Wednesday, October 17, 2012


Now that my guy seems to have won the latest "debate," I can say what I think about these bizarre exercises. Why do we do this? Here's one of my favorite reporters, Dave Weigel, on one bit from last night:
As firey as that taxes-versus-record exchange was, it was basically two grown men repeating the bullet points from their campaign ads.
Yep. And you know, one thing the U.S. President never does as part of his job is debate. It is possible to defend all the speeches given in a campaign by noting that the President has to give lots of speeches, and he is going to be on television every time something important happens, so you are going to have to listen to him a lot. But Presidents never, ever debate.

I suppose some people think these events give them some insight into the President's "character." I've read this morning that Romney's performance last night shows that he is strong on issues where he has had time to prepare himself but easily flustered when taken by surprise, and I've read that the President's performance in the first debate showed that he really thinks he is just above it all and shouldn't have to defend his record to mere mortals like us. Sure. Whatever.

This morning there was a lot of chatter about an exchange over the Benghazi incident, in which Romney made a small mistake and Obama called him on it and this is supposed to mean something major, as if whatever happened in Benghazi is even worth discussing compared to issues like whether we should have intervened in Libya in the first place, whether to intervene in Syria, whether to pull out of Afghanistan, and so on. Anyone who takes these events seriously is trying to shortcut the process voters should go through, of learning about these men and their policies and their friends and deciding if that is the kind of leadership we want. If you want to cast your vote based on how people look in their best suits when somebody throws an "unexpected" question at them, go ahead. It's your vote to throw away.


Thomas said...

It was a small factual mistake, but you really have to see it to see what the real mistake was. Romney did a very ugly thing politicizing the Bengazi attack, getting known facts wrong early. In the debate, the moment is clearly a moment of triumph on his face as he gets to politicize again the attacks, only to find out that the statement the president made was true.

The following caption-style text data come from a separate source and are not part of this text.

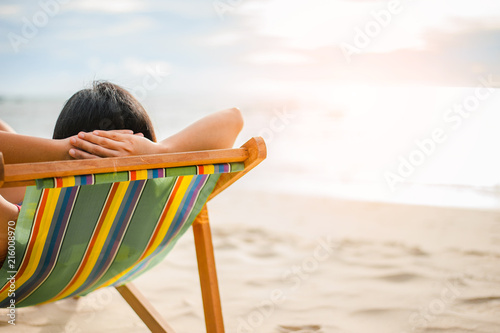 Woman relaxing on beach, looking at sea. Copy space.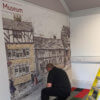 WallTex graphic being fitted on Bankfield Museum wall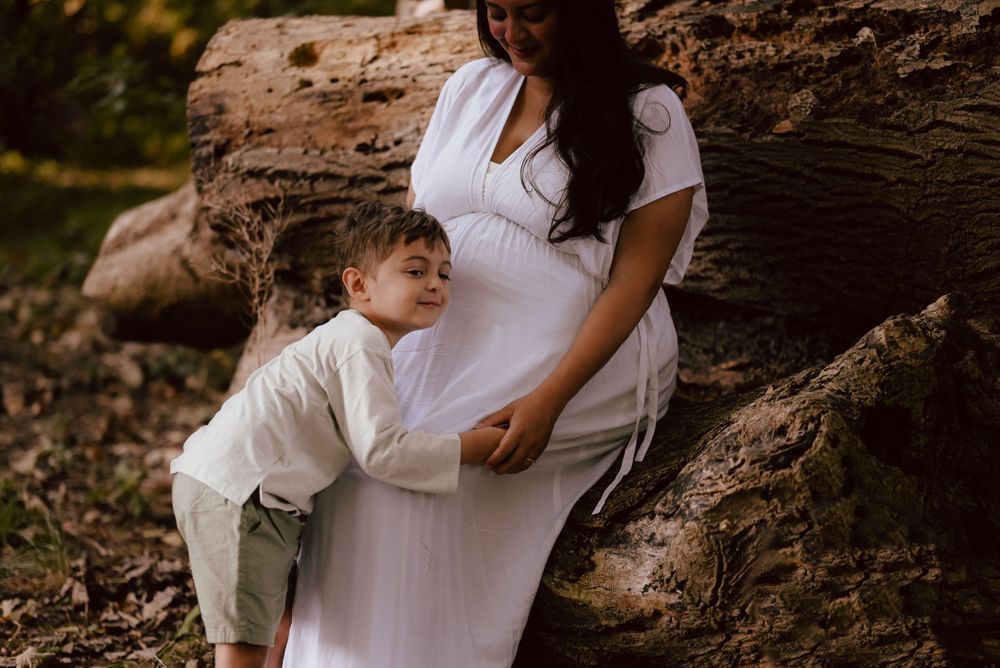 Tender maternity family moment captured outdoors against natural textured log backdrop in warm sunlight.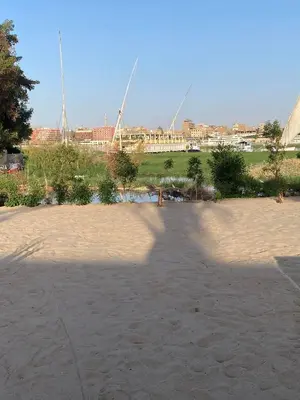 a shadow of a person taking a picture of a stadium at Nile Garden Apartments in Luxor
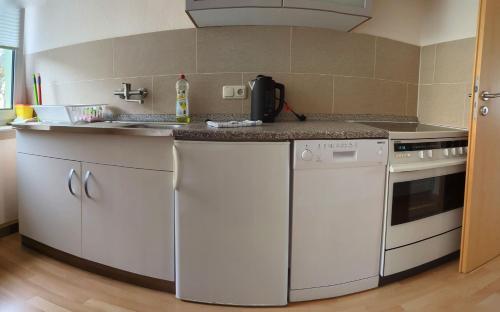 a kitchen with white appliances and a counter top at FeWo Lotti - 5 Personen, ruhige Lage, WLAN in Kurort Oberwiesenthal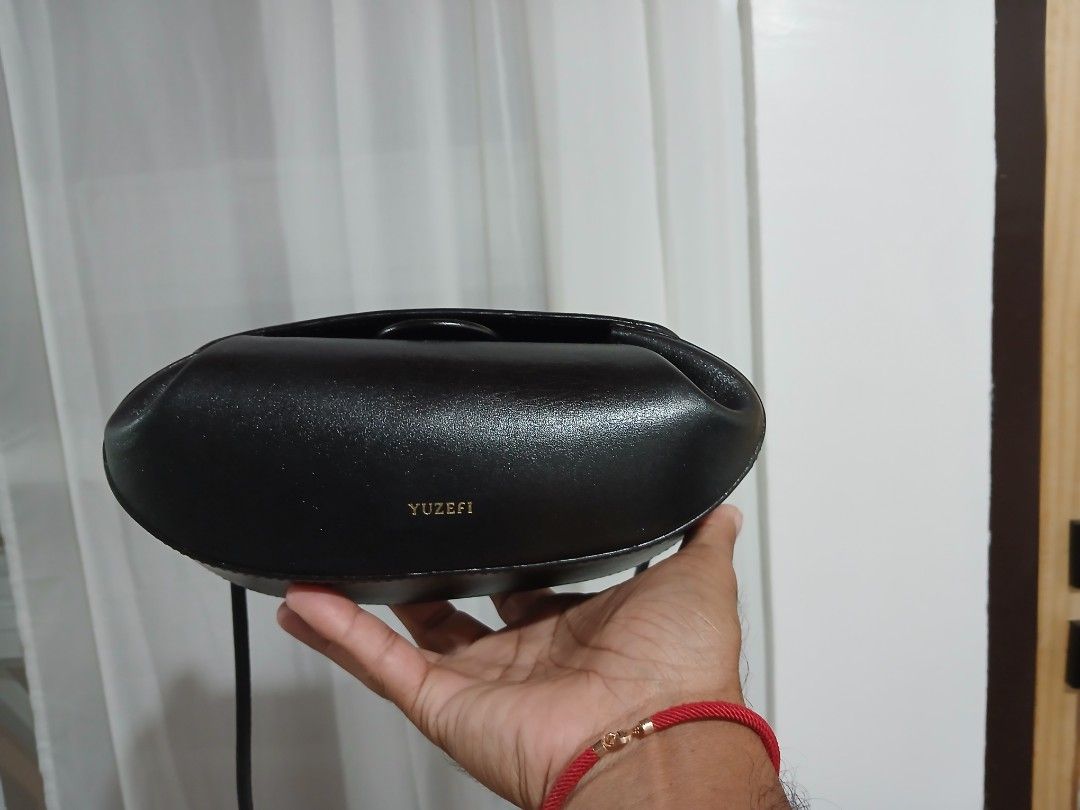 Yuzefi Black Leather Shoulder Bag (Category: Shoulder Bags) located in Quezon City. Submitted by mcenon35 (Listing ID 1466480023, Image 3). Description: - Brand: Yuzefi - Material: Premium black leather with gold-tone hardware - Design: Structured compact bag with gold logo stamped on the front flap - Strap: Thin black strap featuring stylish knot details on the sides - Condition: Clean, well-maintained overall - Capacity: Ideal size for your dai
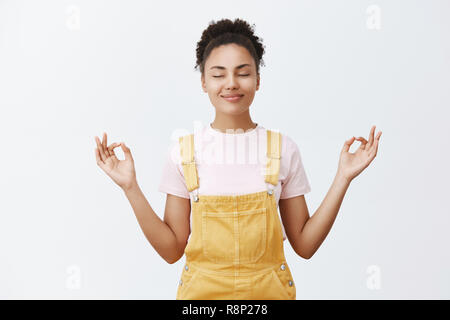 Beruhigung und Beseitigen von Stress im Inneren. Ruhige und nette gut aussehende dunkelhäutige Frau im gelben trendigen Overall, halten sich an den Händen an beiden Seiten mit Zen Geste, Meditation oder Yoga Stockfoto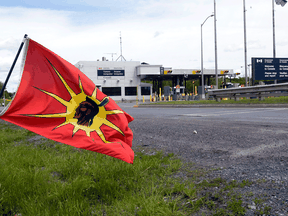A Mohawk Warrior flag flies in front of the Canadian border crossing station on Cornwall Island, Ont., during a protest in June 2009.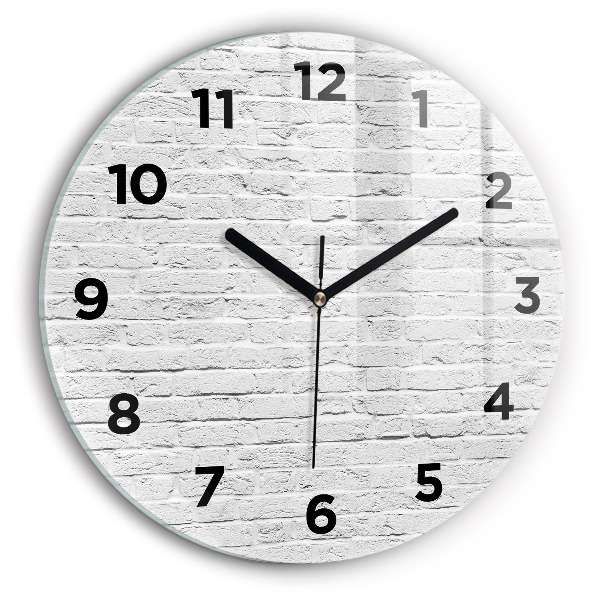 Horloge ronde Un mur de briques claires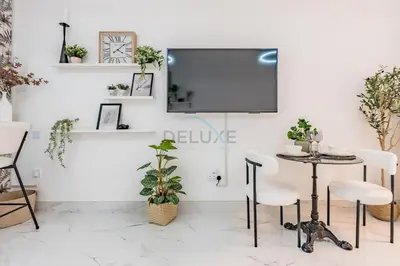 a living room with a tv and a table and chairs at Just Steps Away from Circle Mall, Right Beside a Park, Near Restaurants, Conveniently Close to a Bus Stop, Lumina Vista Residences, Jumeirah Village Circle by Deluxe Holiday Homes in Dubai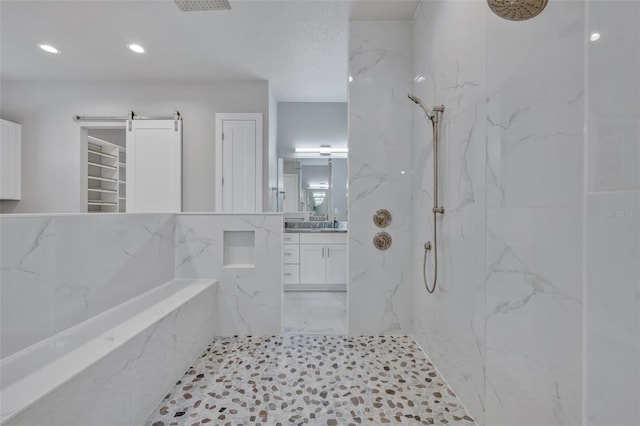 2459 Mcgregor Oaks Ln, Deland, FL 32720 - bathroom featuring a marble finish shower, a closet, vanity, and recessed lighting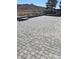 Newly laid paver patio with level seating area, ready for outdoor enjoyment at 117 Forest Ln, Boulder City, NV 89005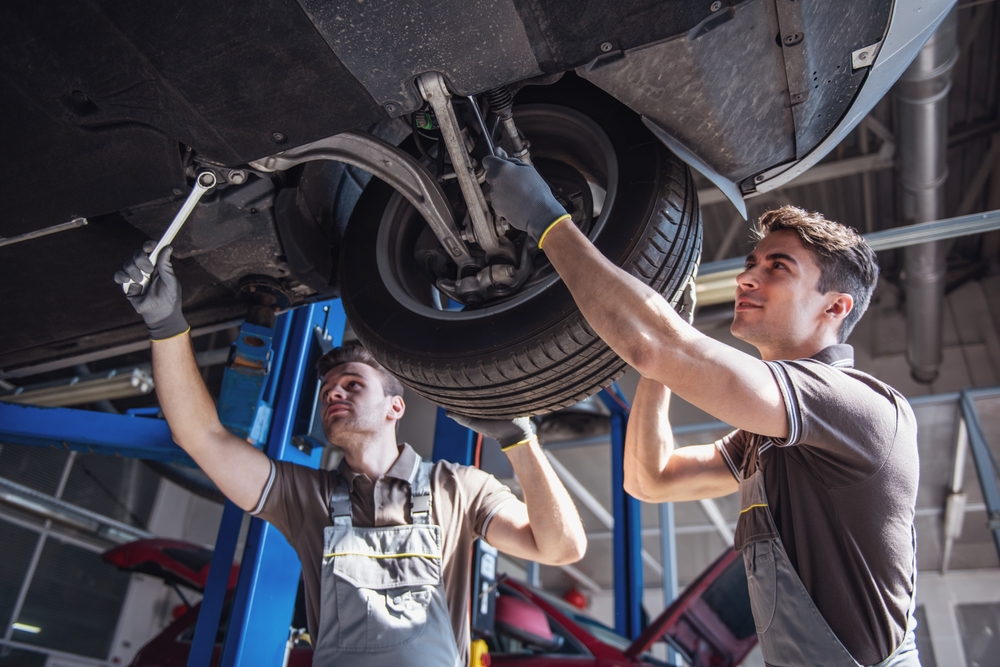Certified Mopar technicians performing suspension repair and wheel alignment, Jeep Grand Cherokee service Newnan GA, factory-trained Jeep mechanics, multi-point inspection, brake service, tire rotation and balancing, genuine Mopar parts, Newnan CDJR Service center near Ashley Park, schedule service online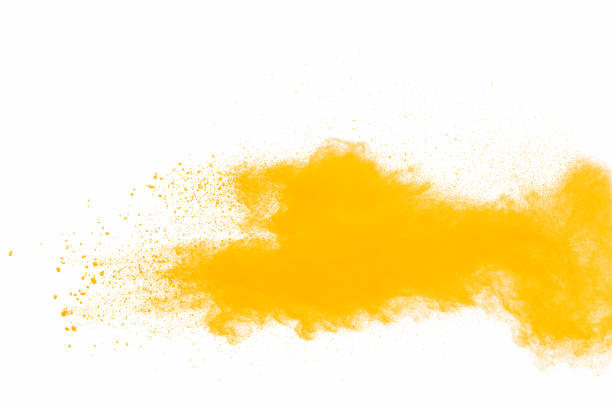istock Orange powder dust particles explosion on white  background.Orange dust particles splash. 1223974740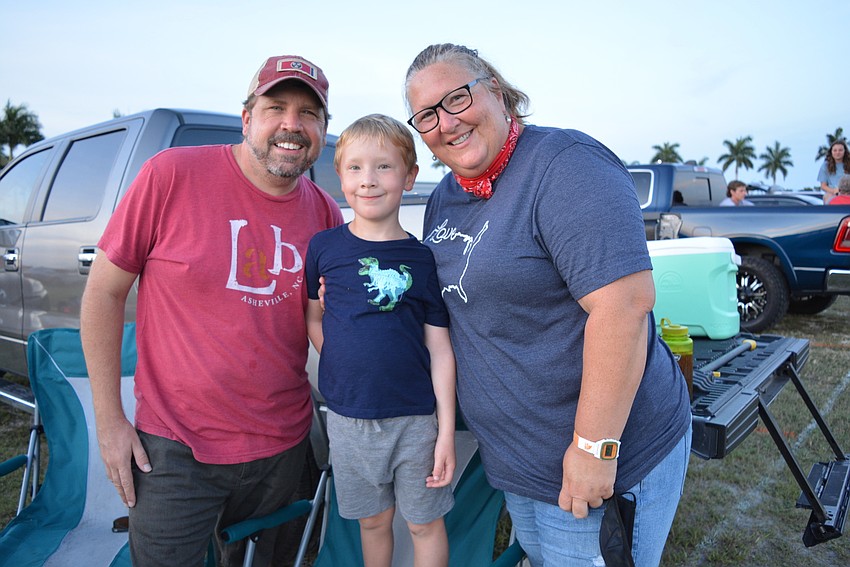 Paul Archacki, Ollie Archacki and Emily Sperling, of Sarasota, set up a hammock from which to view the fireworks.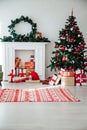 Christmas home interior Christmas tree red gifts new year decor festive background Royalty Free Stock Photo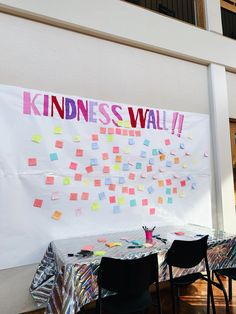 there is a sign on the wall that says kindness wall with sticky notes all over it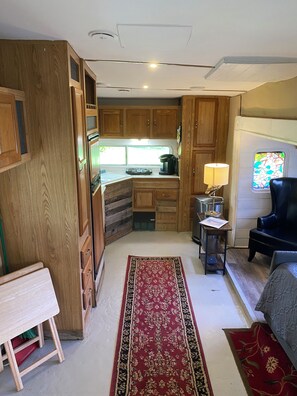 Un espacio habitable compacto con kitchenette, zona de comedor y área de estar con sofá y sillón.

The deeper failing is his willingness to press his attack even after being directly scolded for the prior calculated and dishonest attack. To continue trying to make polotical hay off the death of Americans. By basing his attack on right wing news media rather than the facts, Romney was not just wrong about a little fact, he showed that he trusted the wrong sources of information. If you want a moderate Republican, you don't want a guy who gets his information from Fox News.

John said...

I completely agree that Romney is a dishonest scoundrel, but this incident, as far as I am concerned, is a minor one compared to dozens of other things he has done in his career, and anyone who had been following his career would already know that he would say anything to get elected and seize any pretext to attack his opponent. The man is a cutthroat competitor who wants to win more than he wants to be an honest or upright person, or even a good Republican.